I am listening to the podcast again and have a couple more questions for Dan and Emily if you are still around.

1. Epigenetics appears to me to be an area of science that falls more in the arena of scientific materialism, independent of theories of a field of consciousness. The trauma would have to happen before the birth of the offspring in order for the trait to be passed on. It is hard to see how a couple of therapy sessions could change an inherited biological trait. A field of consciousness would seem to be a completely separate mechanism, where trauma happening after the birth of the offspring could also be passed on, and would seem more amenable to your type of therapy. I think that epigenetics is an interesting scientific theory, but relates less to what you do than does the field of consciousness. They seem like two different things.

2. Does our constellation of ancestors have to be only about episodes of trauma? What about the positive traits and experiences of our ancestors- do they affect us, and is there a way to access them?
 
I am listening to the podcast again and have a couple more questions for Dan and Emily if you are still around.

1. Epigenetics appears to me to be an area of science that falls more in the arena of scientific materialism, independent of theories of a field of consciousness. The trauma would have to happen before the birth of the offspring in order for the trait to be passed on. It is hard to see how a couple of therapy sessions could change an inherited biological trait. A field of consciousness would seem to be a completely separate mechanism, where trauma happening after the birth of the offspring could also be passed on, and would seem more amenable to your type of therapy. I think that epigenetics is an interesting scientific theory, but relates less to what you do than does the field of consciousness. They seem like two different things.

2. Does our constellation of ancestors have to be only about episodes of trauma? What about the positive traits and experiences of our ancestors- do they affect us, and is there a way to access them?

I doubt there is any reason to suspect that the trauma inherited by offspring in epigenetic inheritance experiments is not useful.
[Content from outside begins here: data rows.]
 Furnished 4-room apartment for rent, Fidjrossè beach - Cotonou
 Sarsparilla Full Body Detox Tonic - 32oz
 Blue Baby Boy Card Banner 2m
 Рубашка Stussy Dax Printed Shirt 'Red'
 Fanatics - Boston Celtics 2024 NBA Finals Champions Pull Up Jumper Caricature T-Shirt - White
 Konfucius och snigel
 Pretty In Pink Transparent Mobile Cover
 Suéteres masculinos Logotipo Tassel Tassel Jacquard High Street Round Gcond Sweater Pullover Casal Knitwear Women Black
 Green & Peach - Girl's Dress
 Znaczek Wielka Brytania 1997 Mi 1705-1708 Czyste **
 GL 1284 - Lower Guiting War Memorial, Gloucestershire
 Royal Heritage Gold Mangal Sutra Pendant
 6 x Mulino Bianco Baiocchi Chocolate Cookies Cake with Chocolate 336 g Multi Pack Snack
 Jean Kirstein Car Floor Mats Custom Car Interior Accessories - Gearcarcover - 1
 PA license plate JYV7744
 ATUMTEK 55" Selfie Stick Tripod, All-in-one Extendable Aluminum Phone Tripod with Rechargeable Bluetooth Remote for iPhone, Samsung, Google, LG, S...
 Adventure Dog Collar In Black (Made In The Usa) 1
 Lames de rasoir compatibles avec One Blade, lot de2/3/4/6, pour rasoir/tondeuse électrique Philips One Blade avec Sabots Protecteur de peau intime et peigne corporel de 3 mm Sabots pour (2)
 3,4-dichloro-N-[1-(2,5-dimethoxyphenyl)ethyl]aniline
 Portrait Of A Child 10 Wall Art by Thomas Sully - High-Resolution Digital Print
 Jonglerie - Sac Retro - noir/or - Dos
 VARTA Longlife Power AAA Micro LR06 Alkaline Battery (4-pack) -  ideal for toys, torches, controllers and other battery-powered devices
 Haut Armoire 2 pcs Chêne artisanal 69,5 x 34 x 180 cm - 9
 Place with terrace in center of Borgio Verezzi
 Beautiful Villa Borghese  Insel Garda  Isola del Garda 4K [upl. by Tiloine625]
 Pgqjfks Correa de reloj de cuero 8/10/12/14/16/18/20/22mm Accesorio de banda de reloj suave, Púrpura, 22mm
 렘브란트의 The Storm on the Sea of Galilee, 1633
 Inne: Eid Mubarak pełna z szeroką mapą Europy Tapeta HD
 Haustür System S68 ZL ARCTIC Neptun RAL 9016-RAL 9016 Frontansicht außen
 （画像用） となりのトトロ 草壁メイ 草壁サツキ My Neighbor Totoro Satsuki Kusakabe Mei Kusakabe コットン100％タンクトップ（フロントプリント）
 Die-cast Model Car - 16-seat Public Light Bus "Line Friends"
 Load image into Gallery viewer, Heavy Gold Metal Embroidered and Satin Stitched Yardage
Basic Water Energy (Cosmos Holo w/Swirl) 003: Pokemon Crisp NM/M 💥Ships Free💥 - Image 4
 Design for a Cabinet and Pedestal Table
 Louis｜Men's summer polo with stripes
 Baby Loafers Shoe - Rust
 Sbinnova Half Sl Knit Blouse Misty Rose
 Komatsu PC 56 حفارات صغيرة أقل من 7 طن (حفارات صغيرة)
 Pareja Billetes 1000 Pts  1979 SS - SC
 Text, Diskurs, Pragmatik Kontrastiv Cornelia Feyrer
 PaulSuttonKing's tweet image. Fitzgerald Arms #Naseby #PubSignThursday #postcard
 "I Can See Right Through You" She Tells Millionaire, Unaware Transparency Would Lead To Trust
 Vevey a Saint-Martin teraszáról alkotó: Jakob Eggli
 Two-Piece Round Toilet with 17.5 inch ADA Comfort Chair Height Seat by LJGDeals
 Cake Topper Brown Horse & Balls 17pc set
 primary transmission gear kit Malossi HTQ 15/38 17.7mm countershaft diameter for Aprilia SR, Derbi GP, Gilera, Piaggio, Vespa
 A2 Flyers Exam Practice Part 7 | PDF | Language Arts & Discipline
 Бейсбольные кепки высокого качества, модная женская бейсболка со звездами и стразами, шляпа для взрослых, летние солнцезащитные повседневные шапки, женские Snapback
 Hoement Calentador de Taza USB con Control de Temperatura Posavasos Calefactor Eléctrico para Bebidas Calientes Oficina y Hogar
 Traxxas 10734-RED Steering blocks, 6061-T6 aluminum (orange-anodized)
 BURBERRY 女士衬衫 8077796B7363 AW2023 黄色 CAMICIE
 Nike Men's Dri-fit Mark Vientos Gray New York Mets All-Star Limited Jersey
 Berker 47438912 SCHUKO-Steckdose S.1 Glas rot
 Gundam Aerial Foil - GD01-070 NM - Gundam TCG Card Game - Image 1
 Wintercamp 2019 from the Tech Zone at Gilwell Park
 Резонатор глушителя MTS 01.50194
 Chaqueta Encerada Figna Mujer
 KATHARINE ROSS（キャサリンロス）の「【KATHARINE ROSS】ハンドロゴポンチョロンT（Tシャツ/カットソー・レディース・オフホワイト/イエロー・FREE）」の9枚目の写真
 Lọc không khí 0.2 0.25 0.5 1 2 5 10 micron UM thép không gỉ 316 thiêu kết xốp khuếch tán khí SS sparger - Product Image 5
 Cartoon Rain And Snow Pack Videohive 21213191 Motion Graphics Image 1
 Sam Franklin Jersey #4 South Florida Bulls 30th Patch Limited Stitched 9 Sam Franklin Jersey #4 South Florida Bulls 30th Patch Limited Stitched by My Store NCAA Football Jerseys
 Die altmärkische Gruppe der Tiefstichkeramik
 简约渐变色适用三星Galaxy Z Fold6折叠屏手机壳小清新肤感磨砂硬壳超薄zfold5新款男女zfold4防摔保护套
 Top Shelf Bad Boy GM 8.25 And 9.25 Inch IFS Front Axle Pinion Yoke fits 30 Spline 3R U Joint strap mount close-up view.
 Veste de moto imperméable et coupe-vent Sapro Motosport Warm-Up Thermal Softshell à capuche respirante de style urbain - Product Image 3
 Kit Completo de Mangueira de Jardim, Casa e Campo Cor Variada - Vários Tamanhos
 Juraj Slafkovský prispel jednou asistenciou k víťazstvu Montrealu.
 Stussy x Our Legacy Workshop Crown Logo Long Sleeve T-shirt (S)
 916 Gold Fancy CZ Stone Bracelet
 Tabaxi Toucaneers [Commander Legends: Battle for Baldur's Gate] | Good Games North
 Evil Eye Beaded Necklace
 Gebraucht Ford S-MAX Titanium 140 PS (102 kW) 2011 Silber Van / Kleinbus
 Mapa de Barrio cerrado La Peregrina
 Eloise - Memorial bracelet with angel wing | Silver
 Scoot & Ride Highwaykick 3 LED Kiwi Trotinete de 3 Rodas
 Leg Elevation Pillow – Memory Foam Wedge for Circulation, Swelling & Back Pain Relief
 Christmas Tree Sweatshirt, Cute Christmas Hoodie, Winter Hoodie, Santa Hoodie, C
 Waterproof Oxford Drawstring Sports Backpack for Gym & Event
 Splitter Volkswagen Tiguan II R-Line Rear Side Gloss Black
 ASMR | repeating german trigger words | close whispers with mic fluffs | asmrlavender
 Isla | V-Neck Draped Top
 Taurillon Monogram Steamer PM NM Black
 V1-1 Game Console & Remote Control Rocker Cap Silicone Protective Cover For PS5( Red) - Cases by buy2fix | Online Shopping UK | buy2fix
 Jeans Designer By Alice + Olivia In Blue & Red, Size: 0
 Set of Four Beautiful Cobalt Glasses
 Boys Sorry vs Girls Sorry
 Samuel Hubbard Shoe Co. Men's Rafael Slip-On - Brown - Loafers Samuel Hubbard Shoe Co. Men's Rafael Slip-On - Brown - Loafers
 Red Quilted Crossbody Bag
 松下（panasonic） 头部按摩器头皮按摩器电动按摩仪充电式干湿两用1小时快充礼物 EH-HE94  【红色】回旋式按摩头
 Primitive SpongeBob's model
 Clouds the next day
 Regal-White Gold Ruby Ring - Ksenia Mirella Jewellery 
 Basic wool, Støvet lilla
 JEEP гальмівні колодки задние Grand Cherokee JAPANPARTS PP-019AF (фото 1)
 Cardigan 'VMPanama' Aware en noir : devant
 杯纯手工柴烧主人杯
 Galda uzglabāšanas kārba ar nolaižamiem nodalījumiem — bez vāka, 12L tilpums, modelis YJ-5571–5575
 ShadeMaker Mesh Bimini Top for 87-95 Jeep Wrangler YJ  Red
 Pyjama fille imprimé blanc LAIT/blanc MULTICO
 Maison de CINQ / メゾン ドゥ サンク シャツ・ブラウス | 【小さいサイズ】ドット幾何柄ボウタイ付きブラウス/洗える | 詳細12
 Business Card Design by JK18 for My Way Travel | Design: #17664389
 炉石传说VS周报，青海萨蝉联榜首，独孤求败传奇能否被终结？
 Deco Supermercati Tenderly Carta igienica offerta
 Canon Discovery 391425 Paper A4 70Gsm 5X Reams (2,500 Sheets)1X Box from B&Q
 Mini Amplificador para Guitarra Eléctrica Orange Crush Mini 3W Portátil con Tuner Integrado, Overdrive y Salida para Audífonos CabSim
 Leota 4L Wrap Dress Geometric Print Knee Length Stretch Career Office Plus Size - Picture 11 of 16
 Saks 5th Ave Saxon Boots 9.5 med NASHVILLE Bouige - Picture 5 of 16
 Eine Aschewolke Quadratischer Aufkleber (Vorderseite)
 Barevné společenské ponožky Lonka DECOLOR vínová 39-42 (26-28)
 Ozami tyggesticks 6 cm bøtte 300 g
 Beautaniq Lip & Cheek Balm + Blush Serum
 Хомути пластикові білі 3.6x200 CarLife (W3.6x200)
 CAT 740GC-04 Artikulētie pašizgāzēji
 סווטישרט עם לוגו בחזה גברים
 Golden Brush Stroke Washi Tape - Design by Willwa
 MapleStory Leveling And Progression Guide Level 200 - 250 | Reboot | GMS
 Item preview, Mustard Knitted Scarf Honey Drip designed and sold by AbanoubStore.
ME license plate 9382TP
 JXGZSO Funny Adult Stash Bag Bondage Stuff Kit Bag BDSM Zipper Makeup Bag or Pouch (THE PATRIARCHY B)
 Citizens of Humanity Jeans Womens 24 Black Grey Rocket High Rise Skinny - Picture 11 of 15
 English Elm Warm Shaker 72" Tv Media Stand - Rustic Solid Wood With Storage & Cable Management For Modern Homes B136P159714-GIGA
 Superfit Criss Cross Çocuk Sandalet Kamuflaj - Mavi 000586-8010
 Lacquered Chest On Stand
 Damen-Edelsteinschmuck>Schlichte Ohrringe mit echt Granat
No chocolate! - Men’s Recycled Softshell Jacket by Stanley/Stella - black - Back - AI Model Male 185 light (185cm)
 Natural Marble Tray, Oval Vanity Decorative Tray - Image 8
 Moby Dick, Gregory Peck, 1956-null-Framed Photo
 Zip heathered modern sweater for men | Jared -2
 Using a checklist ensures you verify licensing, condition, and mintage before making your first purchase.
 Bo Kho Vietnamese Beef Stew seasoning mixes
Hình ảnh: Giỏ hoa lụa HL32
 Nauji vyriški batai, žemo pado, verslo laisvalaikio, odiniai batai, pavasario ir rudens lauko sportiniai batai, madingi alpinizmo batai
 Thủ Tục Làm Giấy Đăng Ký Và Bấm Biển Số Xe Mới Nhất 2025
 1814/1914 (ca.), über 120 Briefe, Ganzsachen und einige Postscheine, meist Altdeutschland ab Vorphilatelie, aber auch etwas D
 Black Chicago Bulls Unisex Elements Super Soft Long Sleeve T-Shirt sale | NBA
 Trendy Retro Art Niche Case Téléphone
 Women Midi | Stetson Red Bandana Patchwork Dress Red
Assuming that this inheritance is some sort of distasteful thing that isn't useful doesn't make much sense to me.

In a long term stable environment I'd assume that traditional learning from mothers asserts itself more strongly over later generations, but in unstable environments, the ability of the father to pass specific information regarding threats/associations to offspring (even if absent/dead) seems like a pretty damn useful mechanism. Sure, such an ability might produce unexpected problems in our modern society, but should the environment turn unstable, such a mechanism may be vital to survival.

It also seem that identifying the trauma, and labeling it correctly, (creating new network associations) can allow some sort of isolating effect, that suggests - to me at least - that a network pattern, as well as an interference type mechanism is at work.

As regards positive traits of ancestors, I think one just needs to follow ones heart (ones motivations), and clearing away some of the past baggage that one feels is getting in the way seems like a good way to do this.